Fajna sobota! Soboty z natury są fajne, ale... (ponoć za każdym razem kiedy coś mówisz / piszesz i dodasz "ale" to, co zostało napisane przez tym słowem nie ma znaczenia - logicznie ma to sens). Poranek nie zapowiadał "fajnego" dnia. Dziwna, wczesna pobudka. Sen też nie był jakiś właściwy. Noc była pełna niepokoju, a najdziwniejsze jest to, że nie mogłem zlokalizować przyczyny tego niepokoju. Jak co tydzień musiał być obowiązkowy poranny spacer, zakończony zakupami w warzywniaku. Później pobyt w szkole, bo uruchomiliśmy weekendowe spotkania pod kątem przygotowania do egzaminów klas 8. W tym czasie ja zaplanowałem, że odbędę bieg. Pierwotnie miał to być wylicytowany przez jednego z rodziców bieg z dyrem (licytacja WOŚPu). Niestety nie doszedł on dzisiaj do skutku - jednak co się odwlecze to nie uciecze - w myśl powiedzenia. Bieg odbyłem w samotności. Trasa bardzo malownicza: Rusałka - Sołacz - Cytadela (obowiązkowy wbieg po schodach) i powrót Aleją Wielkopolską na Golęcin (tam jeszcze pokręciłem kilka kółek, tak aby dzisiaj licznik miesięczny dobił do 500 km).

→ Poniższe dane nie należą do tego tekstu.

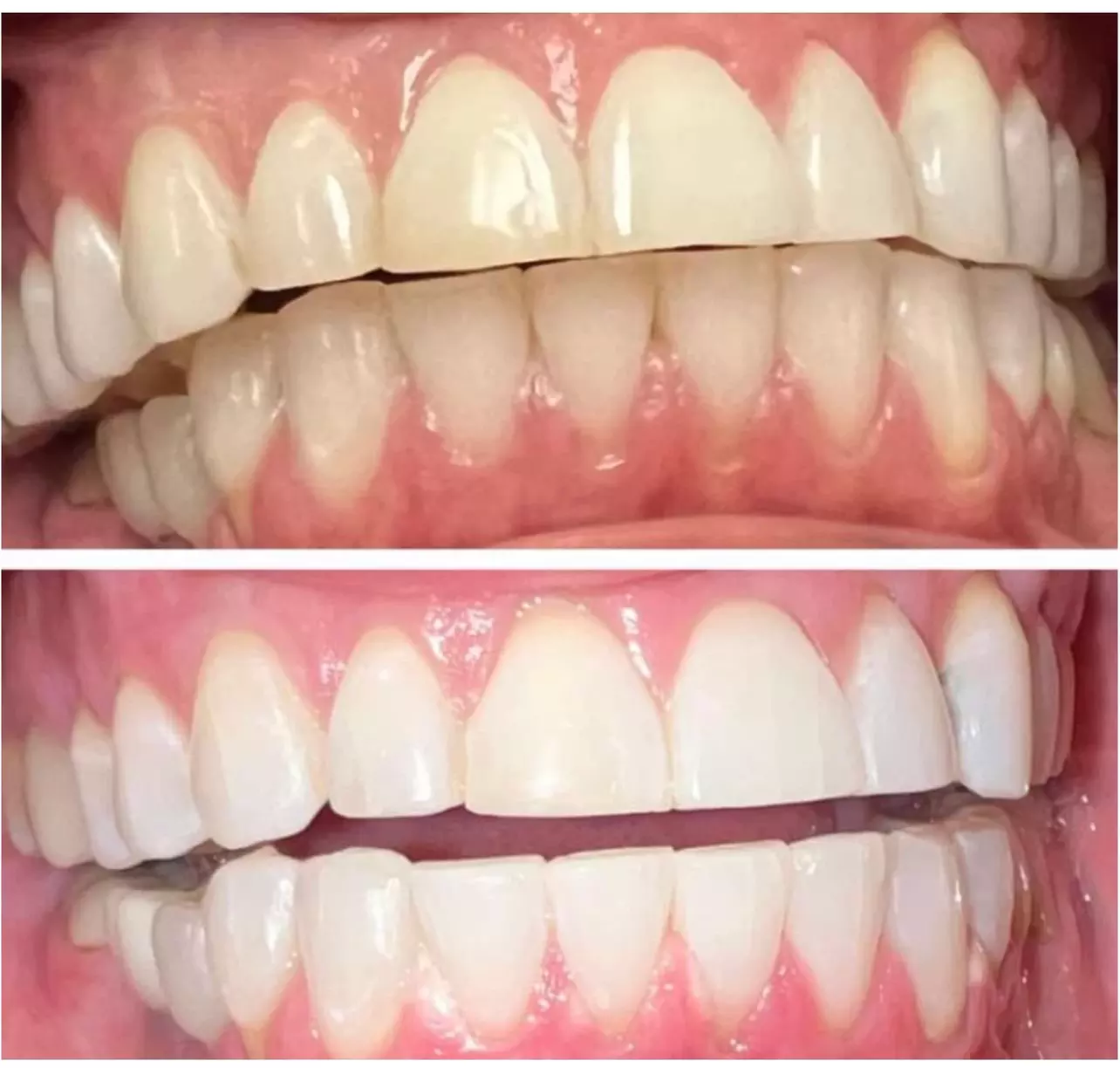 Up to 10% Off on Teeth Whitening - In-Office - Non-Branded at Changes Beaute Lounge - Second Medium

Piękna wiosna wokoło, ja oczywiście w krótkich spodniach i długich, antyzakrzepowych getrach (wyglądałem w tym stroju chyba zabawnie kiedy witałem uczniów - trzeba mieć dystans do siebie!). Muzycznie dzisiaj królował zespół TOTO. Jednak były to dwie płyty (nowości), w identycznej szacie graficznej. Grało dzieło Josepha Wlliamsa "Danizen Tenant" oraz Steve'a Lukathera "I Found The Sun Again". Pierwsza to super AOR, druga AOR z domieszką jazzowych elementów. Bardzo dobre granie. Takie dwie płyty, tak samo wydane, z analogiczną okładką nasuwają skojarzenie z płytami KISS, kiedy w 1978 roku każdy z czterech członków tego zespołu wydał swój własny album nazwany jedno imieniem i nazwiskiem, ale wszystkie one wchodzą w dyskografię zespołu.
Nie pozostaje mi więc nic innego jak powiedzieć, że ta sobota była bardzo dobra, bo AOROWA (wiecie, że ja kocham taką muzykę).